Om precies 8 uur op dinsdagavond is het te doen in Camp Nou, waar Barcelona en Atletico Madrid de terugwedstrijd spelen voor een finaleplaats in de “Copa Del Rey” (maar ik zie de koning niet zitten). De eerste wedstrijd in Madrid is geëindigd in 1-2, dus Barcelona begint als favoriet voor de eindzege. Ik zit eerste rij op het terras van alweer El Palikeo in Parque Santa Catalina, op de hoek met de Luis Morote. El Palikeo is echt een multiculti-nering van vooral mannen vanavond. Om mij heen zitten Palmezen, Marokkanen, negers, sorry: “African Canarians”, Spanjolen, Zuid- en Midden-Amerikanen en toeristen. We hebben het best naar onze zin met zijn velen. De meesten zijn Barcelona-aanhangers.
Kort gezegd zijn de eerste dertig minuten volledig, volkomen voor Atletico, dat Barcelona dan aanpakt op diens eigen helft. Het is aan met name keeper Jasper Cillessen te danken dat het 0-0 blijft. Dan komt Barcelona in de wedstrijd en gebeurt het onverwachte: in minuut 43 schiet Leo Messi hard op doel tussen een legertje Atletico-spelers, keeper Moyá kan de bal nog maar net het veld in stompen, maar daar staat Luis Suárez uiteraard gereed staat om binnen te tikken: 1-0.
De tweede helft wordt pas spannend, echt spannend, na een kwartier, als rechtsback Sergi Roberto van Barcelona (m.i. terecht) een rode kaart krijgt. A la calle, hoor ik de televisiecommentator zeggen. Vlak daarop staat Griezmann net niet buitenspel, als hij Cillessen passeert met een diagonaal schot, maar de scheidsrechter ziet het anders. Het blijft daarmee 1-0 voor Barcelona. In minuut 68 moet vervolgens Carrasco van Atletico ook het veld af wegens zijn tweede gele kaart en lijkt de wedstrijd gestreden. Tien minuten later belandt een vrije trap van Messi van zo’n 25 à 30 meter keihard op de lat. Wij Barcelona-fans zeggen tegen elkaar dat die Messi toch een klasse apart is en blijft.

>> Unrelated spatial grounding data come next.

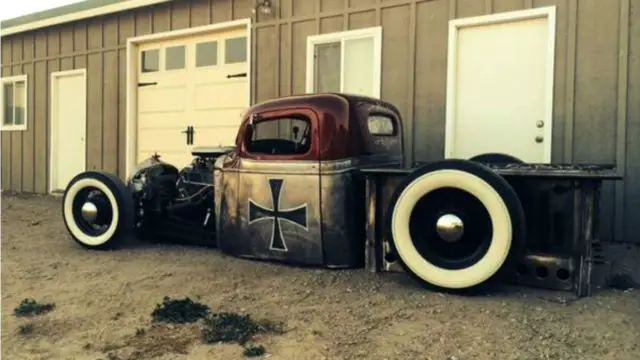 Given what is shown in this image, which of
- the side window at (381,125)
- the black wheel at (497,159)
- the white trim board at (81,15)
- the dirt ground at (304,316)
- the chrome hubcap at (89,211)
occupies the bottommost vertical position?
the dirt ground at (304,316)

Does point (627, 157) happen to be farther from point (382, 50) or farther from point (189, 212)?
point (189, 212)

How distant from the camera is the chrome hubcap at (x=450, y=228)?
13.3ft

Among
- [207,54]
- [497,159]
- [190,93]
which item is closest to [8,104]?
[190,93]

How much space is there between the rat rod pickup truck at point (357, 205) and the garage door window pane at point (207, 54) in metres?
3.66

Laat ik maar eens een nieuwe alinea beginnen. Een minuut erna is er weer sprake van een complete ommekeer van de wedstrijd, nadat Gerard Piqué vlak daarop een penalty veroorzaakt. Met Cillessen in het doel zou de penalty toch een eitje moeten zijn, maar Gameiro – de vervanger van Torres – schiet de bal royaal over. Vier minuten later, in minuut 82, is het dan toch raak voor Atletico door een velddoelpunt van dezelfde Gameiro na een pass van Griezmann: 1-1. Camp Nou schrikt op uit zijn gedoezel en idem dito het terras van El Palikeo. In minuut 87 en 90 krijgt Luis Suárez twee gele kaarten - de tweede m.i. onterecht – maar hij moet er niet alleen af, het zal hem ook deelname aan de finale gaan kosten. In aantallen spelers staat het nu in de (ik citeer een krant) “semifinal de infarto” 9-10. Volgen nog vijf minuten extra tijd met peentjes zweten voor Barcelona. Zelfs keeper Moyá van Atletico staat nu in het strafschopgebied van Cillessen, maar de eindstand blijft wel 1-1.

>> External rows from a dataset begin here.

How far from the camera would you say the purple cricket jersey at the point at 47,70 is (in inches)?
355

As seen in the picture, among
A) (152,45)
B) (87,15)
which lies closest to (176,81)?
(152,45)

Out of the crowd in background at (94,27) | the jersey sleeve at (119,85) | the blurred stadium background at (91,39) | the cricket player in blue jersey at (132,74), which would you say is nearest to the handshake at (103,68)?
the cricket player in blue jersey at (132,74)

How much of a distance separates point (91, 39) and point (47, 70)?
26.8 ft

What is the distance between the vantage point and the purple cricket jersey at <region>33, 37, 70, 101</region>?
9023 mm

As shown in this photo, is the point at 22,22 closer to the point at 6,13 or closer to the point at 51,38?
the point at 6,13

“Onze” Jasper is overduidelijk de held van de avond, niet alleen in het stadion en op de tv, maar ook op het terras. Terwijl de andere spelers van Barcelona het in de bladen de dag erop met een 5 of 6 moeten doen (Sergi Roberto krijgt zelfs een 4), gaat Cillessen met een 9 het veld af. Barcelona is deze keer zeker niet de beste van de twee ploegen geweest, maar zit wel in de finale door de winst in Madrid en het gelijke spel thuis. Wat een emotie!
(De tegenstander wordt Avalés, dat woensdagavond thuis van Celta wint met 1-0.)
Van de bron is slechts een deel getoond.